Привстав на своем месте гребца, теперь и я хорошо вижу пылающие у причальных мостков пять больших лодок с обреченно торчащими тростинами мачт. Сухая, просмоленная древесина стремительно пожирается огнем, исходя предсмертным дымным треском. С одной из мачт срывается поперечная рея, рухает вниз, взорвав сноп искр метров в десять высотой.
Версия о несчастном случае и неосторожном обращении с огнем отпадает моментально как несостоятельная. У Вендара от злости вспухли желваки на скулах, побледнели губы, на него становится страшно смотреть.

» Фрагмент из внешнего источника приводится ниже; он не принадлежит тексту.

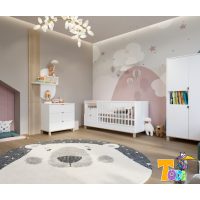 Misty fehér bútorcsalád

Да уж, такую красоту пожгли сволочи! А что, весьма удачный тактический ход от неумытых туземцев. Никакого почтения к полоцкому самодержцу! Теперь Рогволду, даже если он будет в состоянии, не на чем уносить отсюда ноги. Земиголы устроили князю классическую замануху, а он попался как сопливый пацан. Да и хрен бы с ним с князем, у менятам Миша! Под блудняк кореша подвели, падлой буду!
Вендар незамедлительно приказывает поворачивать кормило и править к поросшему густым ивняком берегу. Остается шанс, что из-за дыма наше появление пока не заметили и еще можно загаситься, чтобы прошевелить в мозгу наши дальнейшие действия.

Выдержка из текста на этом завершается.